• YOUR INSTRUCTIONS: Repeat the data exactly. Pictures are not part of the copy.

[Crawled caption data]
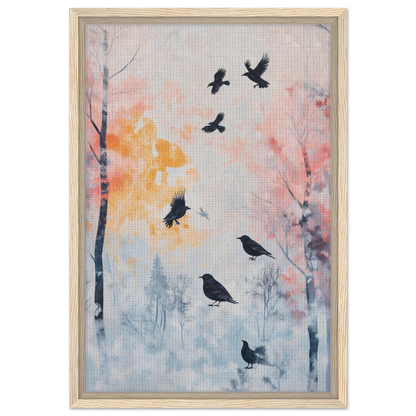 Framed canvas print of Misty Corvid Ballet featuring bird silhouettes in a colorful forest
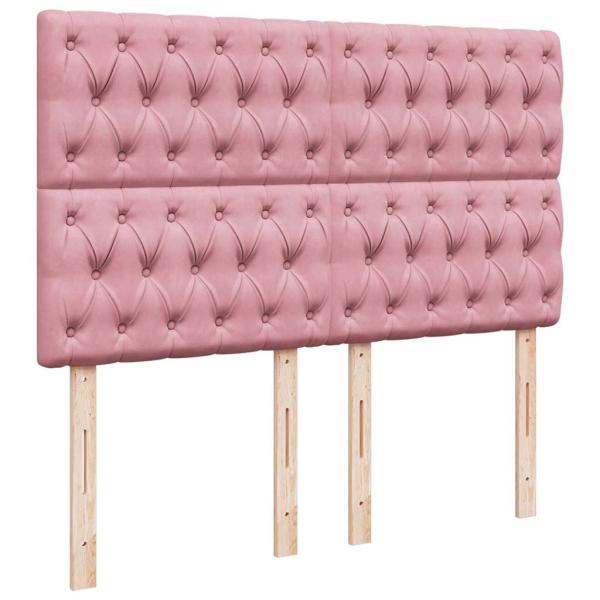 Ottoman-Bett mit Matratzen Rosa 140x190 cm Samt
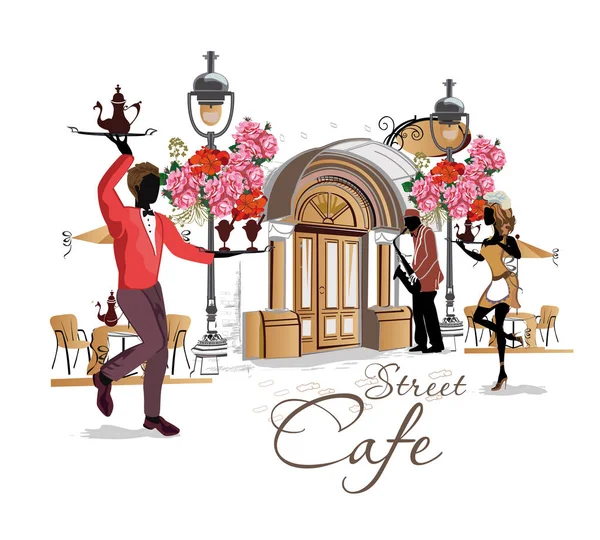 Ulicznych kawiarni z kwiatami na starym mieście. Kelnerzy służą tabele. — Wektor stockowy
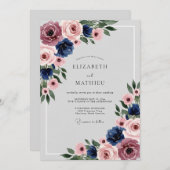 Navy Blue Dusty Rose Polished Floral Wedding 招待状 (正面/裏面)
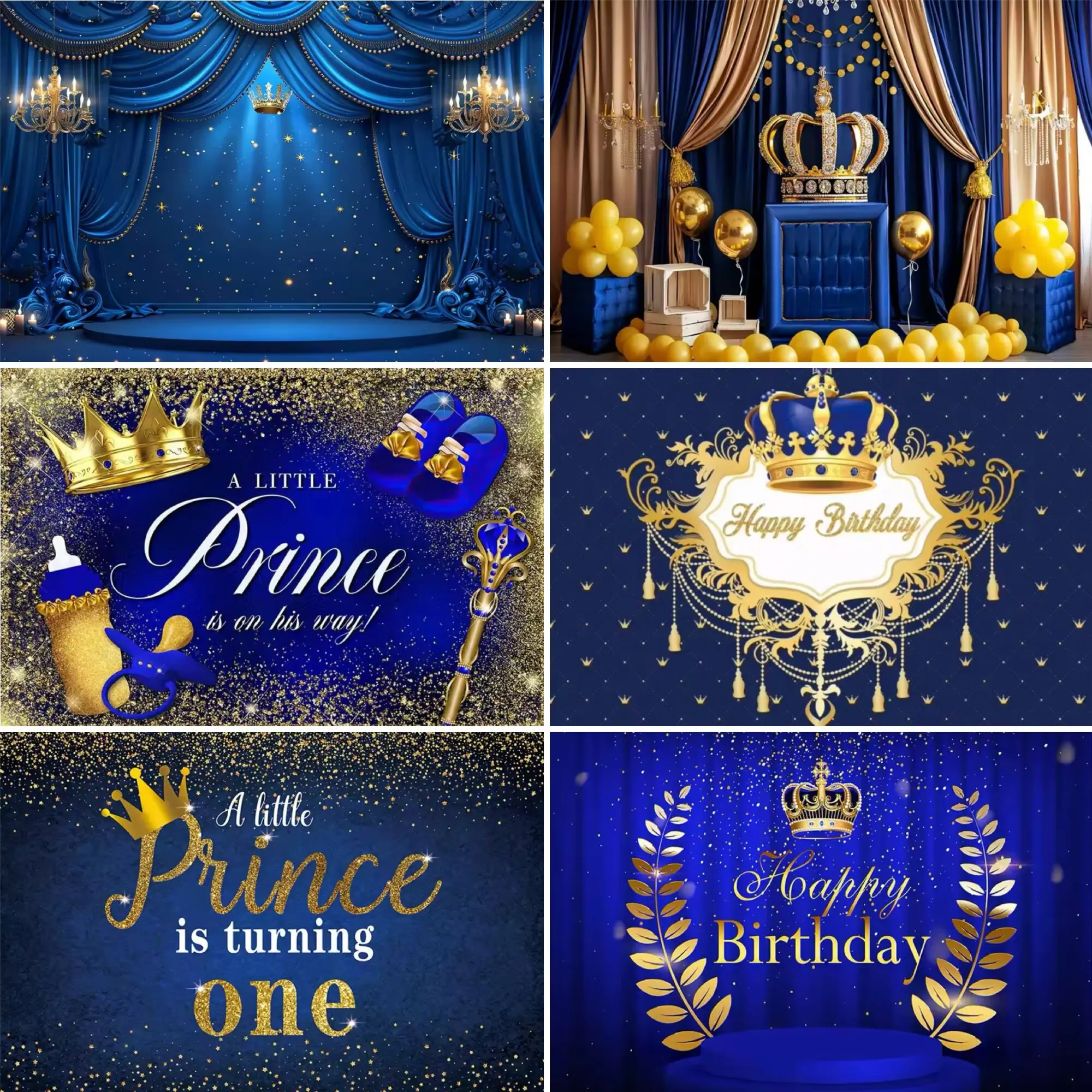 Royal Little Prince Blue and Gold King's Crown Birthday Party Background Baby Bathing Photography Multi functional Decor Banner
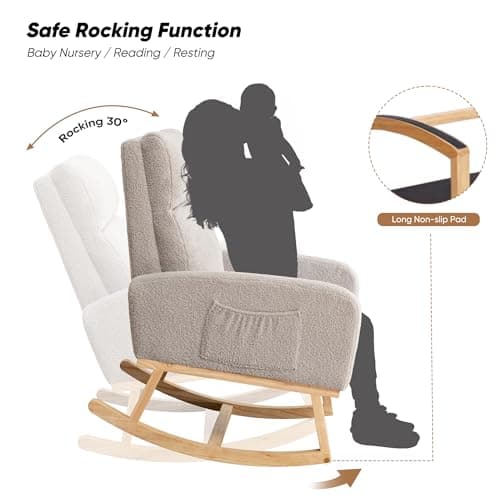 Sherpa Nursing Rocking Chair, Upholstered Glider with Side Pocket, Light Grey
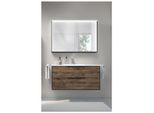 Artiqua Serie 774 Badmöbel-Set mit Spiegelschrank 70 cm 774B2210MSMS3 Waschtisch mit Unterschrank, Griff Schwarz Matt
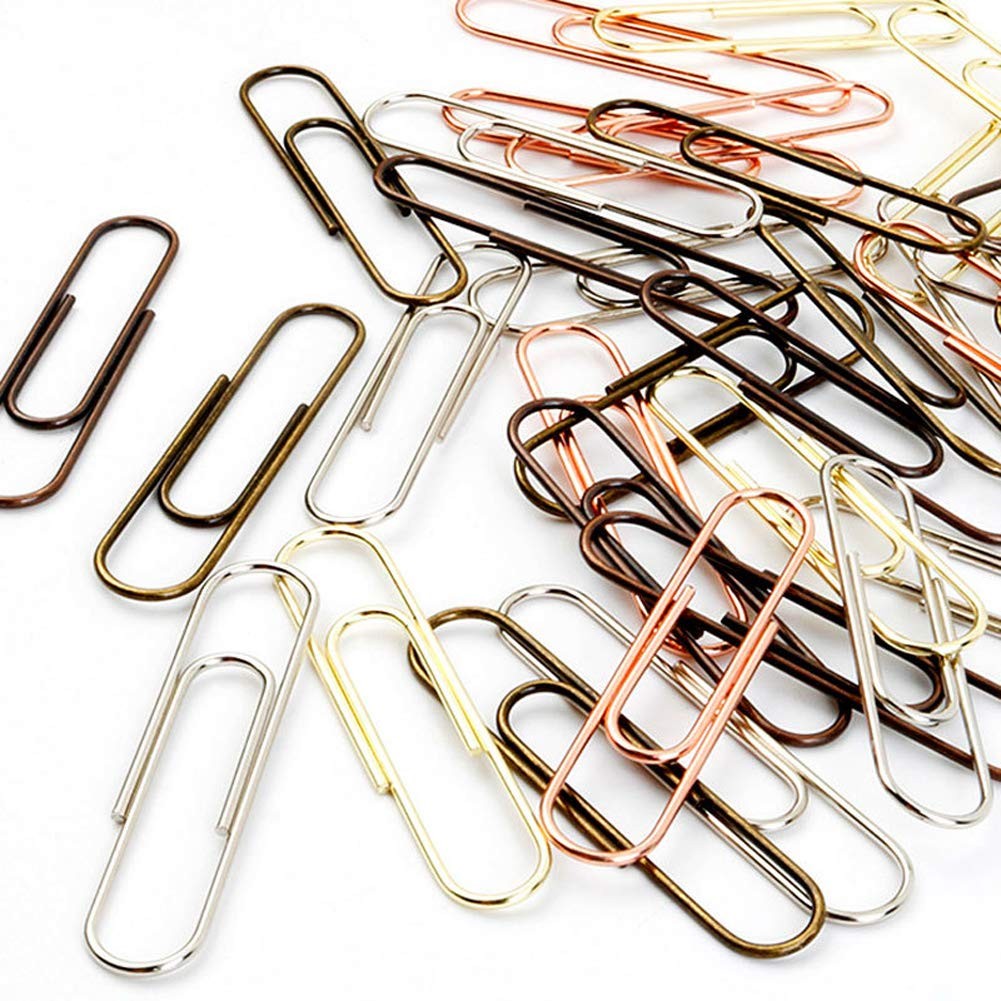 50 Pieces 50 mm Metal Paper Clips for Office School and Personal Use (Bronze)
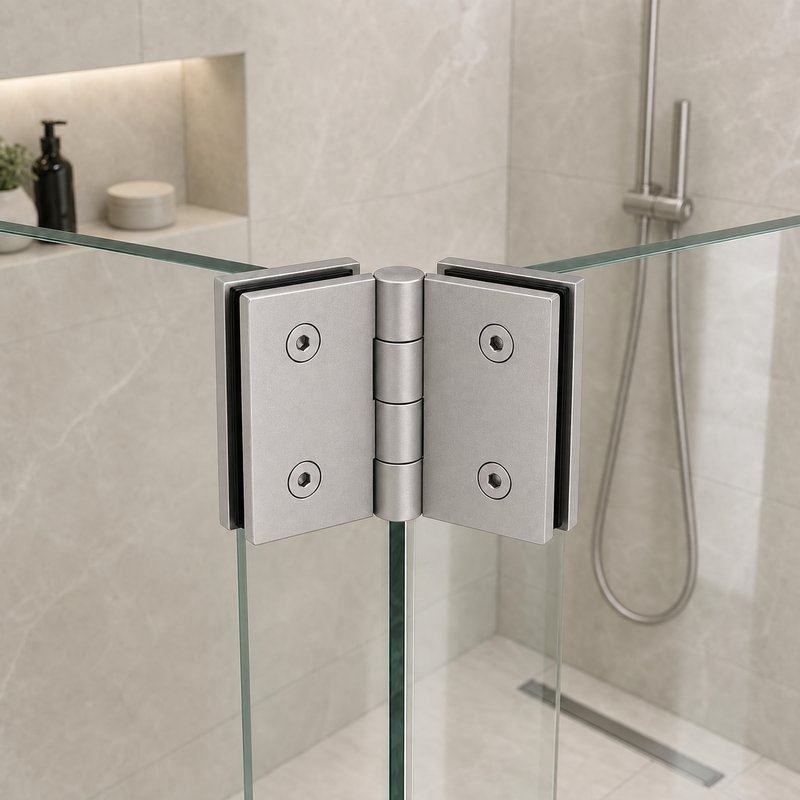 Matte Silver 135 Degree Glass-to-Glass Shower Door Hinge — Finish Concept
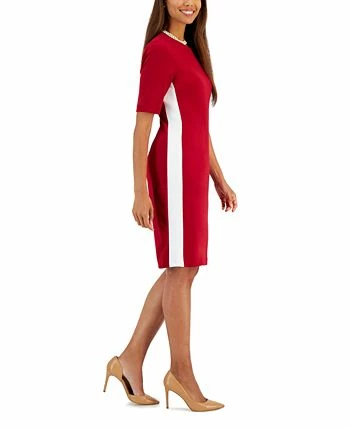 Kasper Women's Ellen Crewneck Side-Stripe Shift Dress 3 Kasper Women's Ellen Crewneck Side-Stripe Shift Dress - Image 3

• RESULT OF THIS EXERCISE:
 Framed canvas print of Misty Corvid Ballet featuring bird silhouettes in a colorful forest
 Ottoman-Bett mit Matratzen Rosa 140x190 cm Samt
 Ulicznych kawiarni z kwiatami na starym mieście. Kelnerzy służą tabele. — Wektor stockowy
 Navy Blue Dusty Rose Polished Floral Wedding 招待状 (正面/裏面)
 Royal Little Prince Blue and Gold King's Crown Birthday Party Background Baby Bathing Photography Multi functional Decor Banner
 Sherpa Nursing Rocking Chair, Upholstered Glider with Side Pocket, Light Grey
 Artiqua Serie 774 Badmöbel-Set mit Spiegelschrank 70 cm 774B2210MSMS3 Waschtisch mit Unterschrank, Griff Schwarz Matt
 50 Pieces 50 mm Metal Paper Clips for Office School and Personal Use (Bronze)
 Matte Silver 135 Degree Glass-to-Glass Shower Door Hinge — Finish Concept
 Kasper Women's Ellen Crewneck Side-Stripe Shift Dress 3 Kasper Women's Ellen Crewneck Side-Stripe Shift Dress - Image 3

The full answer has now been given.